As I was scrolling through Warwick’s feed, I noticed that she asked to speak with the head of diversity and inclusion at Twitter. Shortly after, the head of diversity and inclusion at Twitter responded. Warwick has been transparent about her Twitter learning curve and some of the inappropriate things people say to her. Seeing her ask for a Twitter contact was a reminder that we’re allowed to seek support from qualified people. Asking for help, information, and resources can make a world of difference when dealing with a problem.

5. Set hard limits for social media time.

I don’t know if it happens every day, but several times a week Warwick gets tired of Twitter and decides she’s going to log off for the day. She usually writes a short tweet that clearly communicates she’s done with us for the moment. Setting hard limits and verbalizing boundaries can be difficult, especially on social media, where it feels like attention is necessary. I find her Twitter breaks inspirational.

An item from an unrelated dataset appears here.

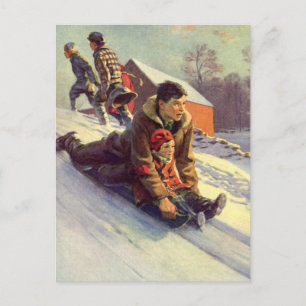 Cartão Postal De Festividades Natais vintages, Pai e Filha Brincando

6. Be openly appreciative.

Warwick thanks people for following her, she expresses gratitude when people share useful information, and she openly says what she’d like to see more of on Twitter (hint: positivity). Making gratitude a habit can help us be more resilient, SELF previously reported. You don’t necessarily have to start a gratitude journal (unless you want to)—just remembering to be grateful might give you a momentary reprieve from the daily chaos of life.

7. Change the subject if you need to.

Many celebrities use their platforms for positivity, but in a social media world filled with snark, Warwick seems to find something nice to say when she’s pulled into tense conversations about artists and other random topics. And when people try to take her into more negative territory, she simply changes the conversation.

8. Give yourself permission to set boundaries.

It’s obvious that Warwick has found a way to engage with people positively, but social media is a volatile place, and sometimes things get a little tense. When someone says something that Warwick doesn’t enjoy, she tells them and then stops engaging. But those interactions don’t seem to go on too long—one good one-liner from Warwick often does the trick. Watching Warwick set her boundaries and move on about her day is a reminder that boundaries are personal, and you don’t have to be angry to set them.